> YOUR TASK
Omitting all images, set down every line below exactly as it appears.

╭─ EXERCISE DATA

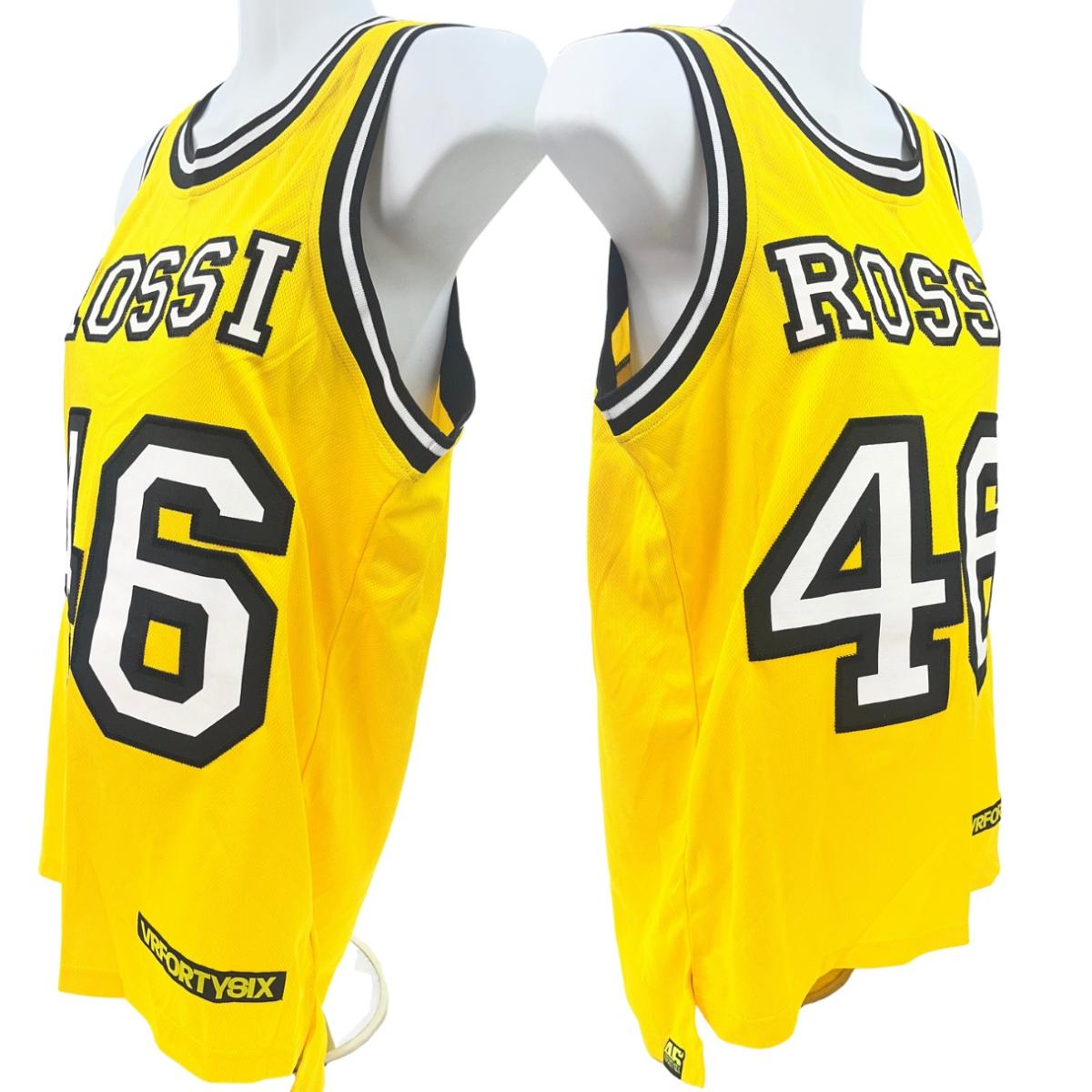 ��̤���ѡ�VR46�Х����åȥܡ��� ���󥯥ȥå� �������ƥ����Ρ����å�XS-S����������󥺡�����������VRMTT208801��������̵���ۥ᡼���آ�������Բ�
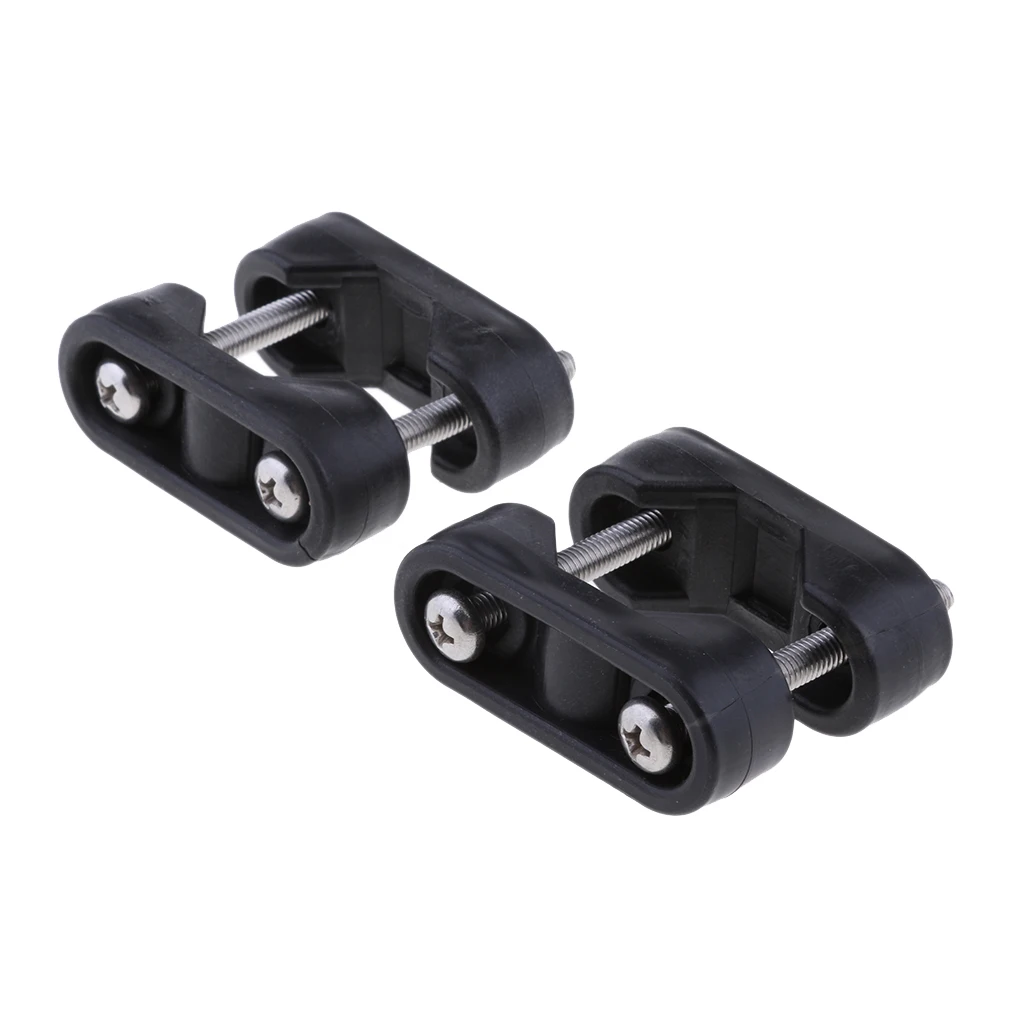 COLOR REAR VIEW CAMERA W// NIGHT VISION FOR PIONEER AVH-X1700S AVHX1700S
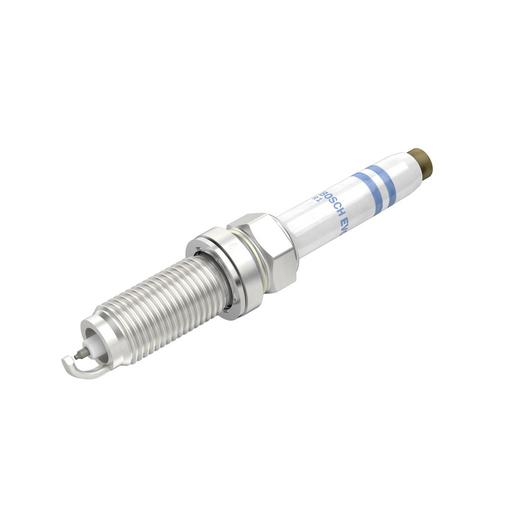 [VA6SIP80] SPARK PLUG BOSCH IRIDIUM MERC RENAULT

╰─

> SOLUTION
 ��̤���ѡ�VR46�Х����åȥܡ��� ���󥯥ȥå� �������ƥ����Ρ����å�XS-S����������󥺡�����������VRMTT208801��������̵���ۥ᡼���آ�������Բ�
 COLOR REAR VIEW CAMERA W// NIGHT VISION FOR PIONEER AVH-X1700S AVHX1700S
 [VA6SIP80] SPARK PLUG BOSCH IRIDIUM MERC RENAULT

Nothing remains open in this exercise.